I have to say your entire post above is exceptional. What I emphasized in bold is profound. We make assumptions that all the buyers in a particular market segment think alike and/or have the same motivations and importantly similar goals. What appraiser cant do is talk to each buyer to try find out what they knew or why they bought that particular house. Selling Brokers OTOH do often know why.

The key to remember is that the market value opinion is filtered through the actions of the "typically motivated buyer" in the MV definition, and THEY ( the hypothetical buyer/seller in MV definition) assume the same motivations and way of acting- typically motivated, prudently, acting in what they believe their own best interest, well informed or well advised. Do "real" buyers and sellers always behave so neatly? No. But that's why we do an appraisal- it's a hypothetical model of "what it",,,,what "should" the property bring if buyer and seller were typically motivated ( and behaved with all the other stipulations in the MV definition we are using)

That levels the playing field for our lack of knowing exactly 'why" each buyer made the decision they did, or the fact that their decisions can be skewed by atypical motivations, not being well informed, influence of special terms, etc.
 
The majority of the successful buyers/sellers in the market don't seem to have any problems valuing these properties. Moreover, they commonly work with far less information than we do. After a certain point maybe it makes sense to wonder what they know that we don't?

Actually, they may have problems valuing the properties, but they don't have a problem arriving at prices for the properties (unless the market stalls )

The key difference is they are not doing an analysis, they are using their own money and their own life to buy or sell or leverage equity in a refi. What's interesting about people is that they/we, often make the worst decisions when our own money or well being is on the line. You'd think it would be the other way around, but perversely, it's not.

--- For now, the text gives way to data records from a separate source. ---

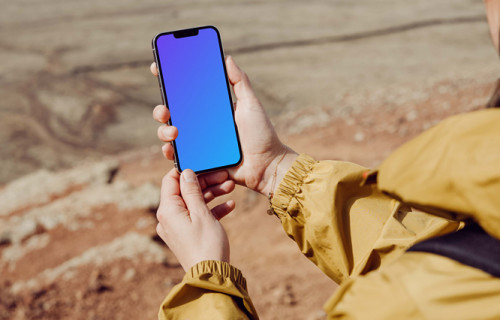 iPhone 13 Pro mockup sostenido por un usuario en una playa de arena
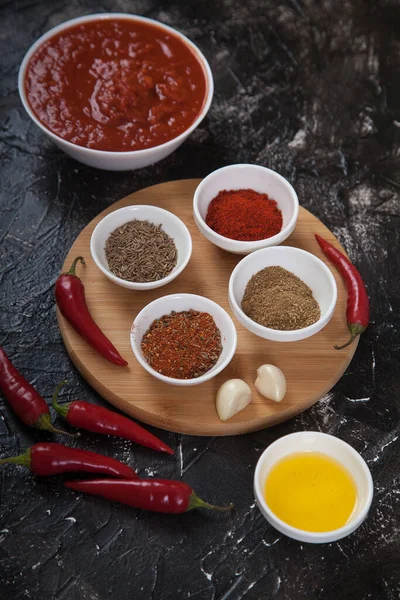 Harissa, baharat kimyonları, beyaz porselen bardaklarda biberler, sarımsak ve acı biber biberleri ve sebze yağı standı..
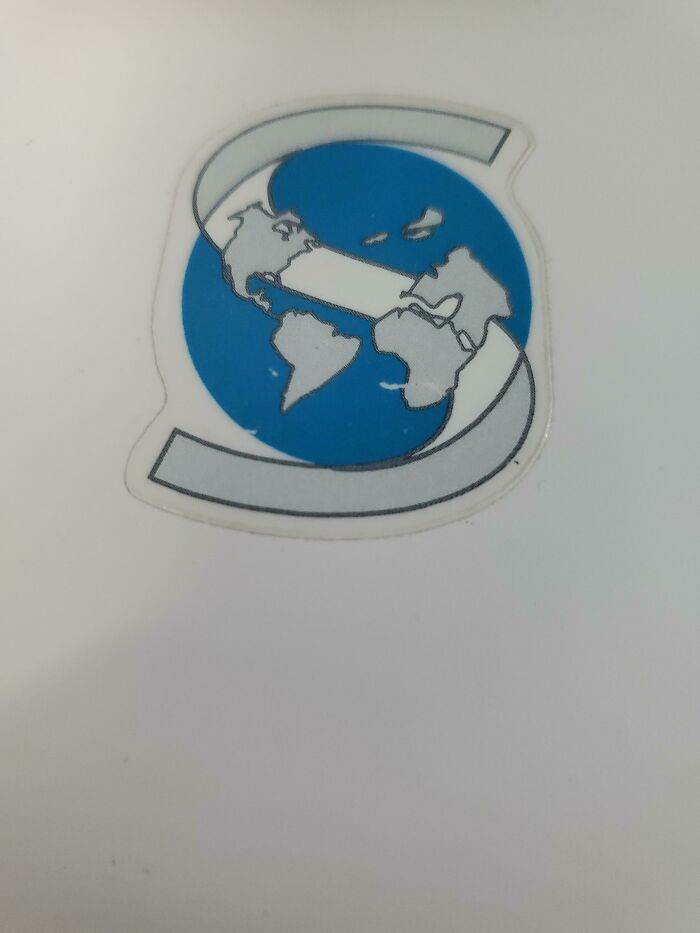 A Logo Including A Globe Where Greenland, Iceland And The UK Have Decided To Fly Away Into The Arctic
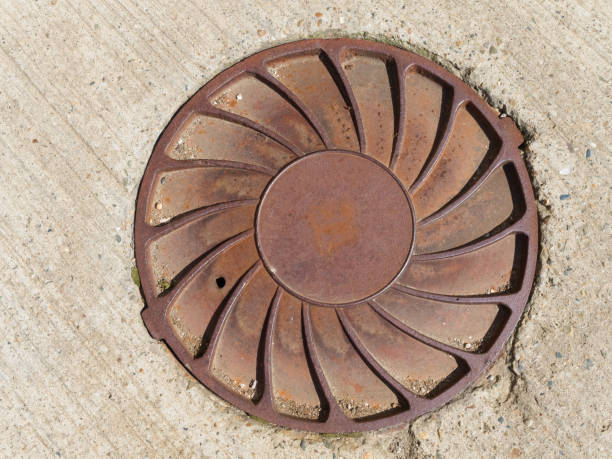 istock Sewer iron hatches in concrete at Rosa Khutor 1171202397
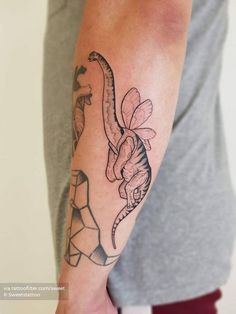 a man's arm with a dinosaur tattoo on it and a flower in the middle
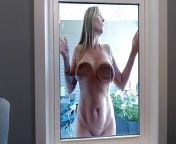 Here it is smushing my all natural 36DD's into the window. from red windo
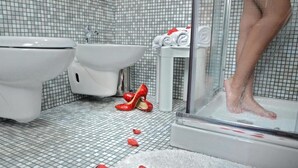A bathroom with a shower, a bidet, and a sink.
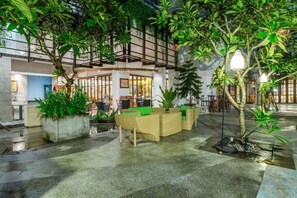 Ein Innenhof mit Sitzbereichen, einem Wasserspiel und einer Rezeption.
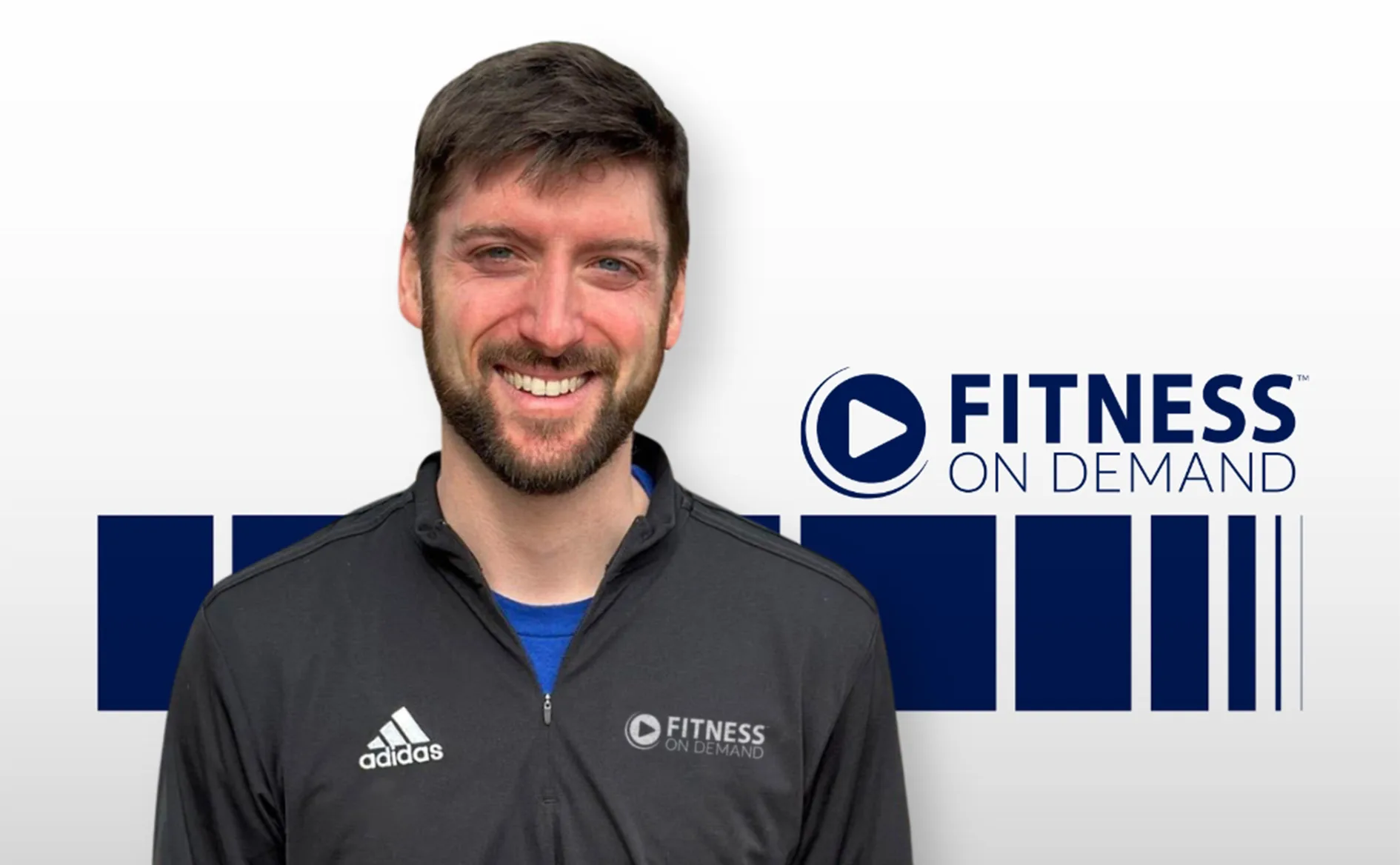 A smiling man with short brown hair and a beard wears a black Fitness On Demand jacket, standing in front of a Fitness On Demand logo and blue geometric shapes on a white background.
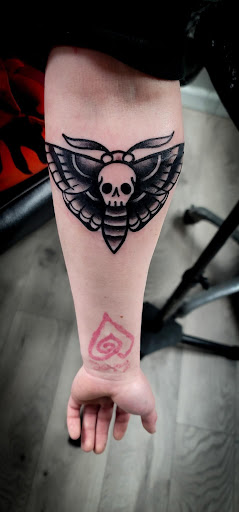 Explore tattoo ideas for lesbians, creative tattoo ideas in Kokomo, available at Pinpoint Piercing & Tattoo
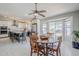 Bright kitchen and dining area with island seating and sliding doors to the backyard at 696 W Mesquite St, Chandler, AZ 85225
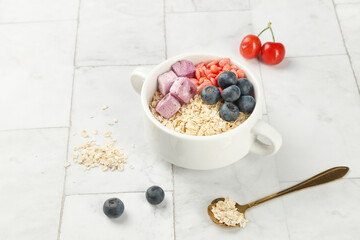 Healthy oatmeal breakfast bowl with fresh fruit, yogurt chunks and berries on white wooden table
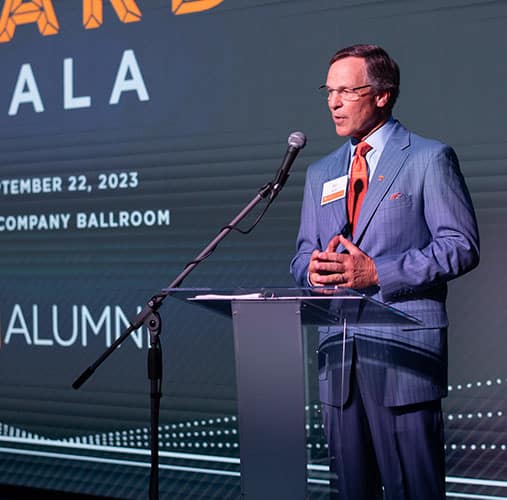 A man stands at a podium in front of a microphone during the Alumni Awards Gala
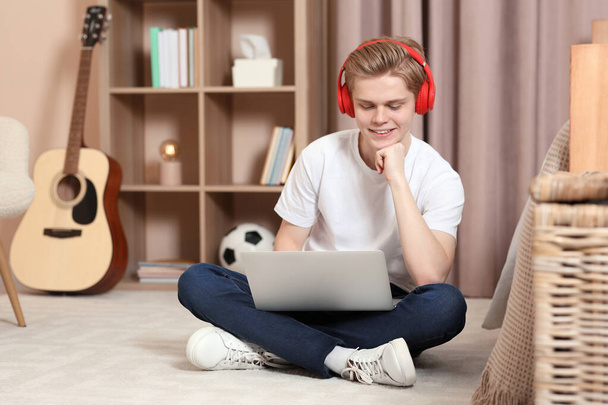 Online learning. Smiling teenage boy in headphones with laptop at home - Fotó, kép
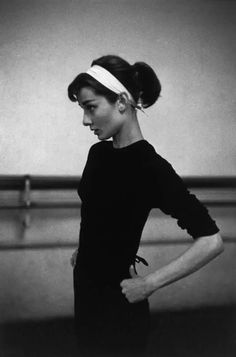 black and white photograph of a woman with her hands on her hips wearing a headband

That's why people eat junk food when they know they shouldn't and end up with clogged arteries, why they smoke, why they gamble, why they cheat on a good partner, why they make bad decisions in Real Estate or over spend on a dream house. Of course many people make astute or plain vanilla reasonable RE decisions. But quite a few don't, including people who are other fields/otherwise smart. .

The value of an appraisal is that it filters the messy range of real world market activity through the analysis of the MV definition and how the identified buyer and seller in the MV definition behave. .
 
Had a CE instructor say one time, in regards to arriving at values, that we as appraisers, "measure with a micrometer, mark it with chalk and cut it with a chainsaw".